EXERCISE REQUIREMENTS - Copy the following data exactly and drop the pictures.

INFORMATION PROVIDED -
=-=-=-=-=

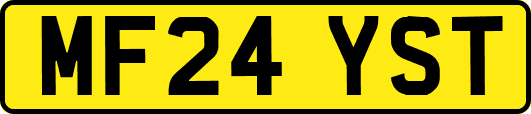 MF24YST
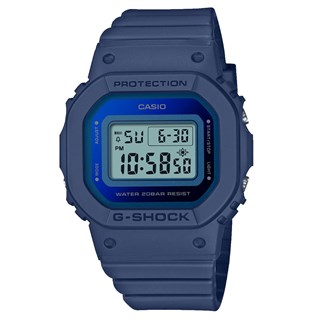 Relógio G-Shock GMD-S5600-2DR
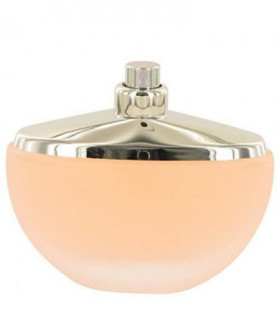 Cerruti 1881 Femme Eau De Toilette Spray 30ml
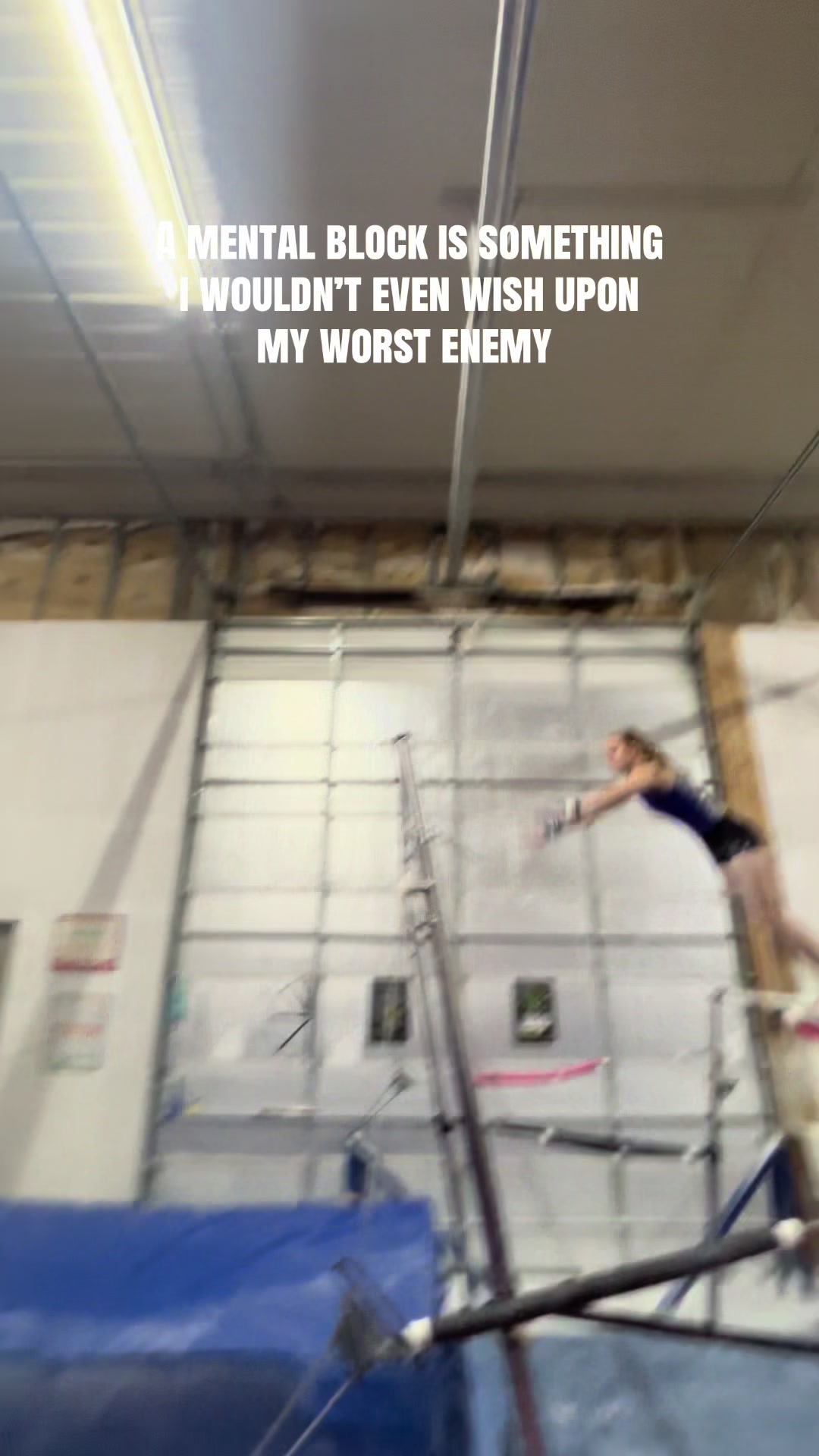 @emilyflips247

=-=-=-=-=

SOLUTION FOR THIS EXERCISE -
 MF24YST
 Relógio G-Shock GMD-S5600-2DR
 Cerruti 1881 Femme Eau De Toilette Spray 30ml
 @emilyflips247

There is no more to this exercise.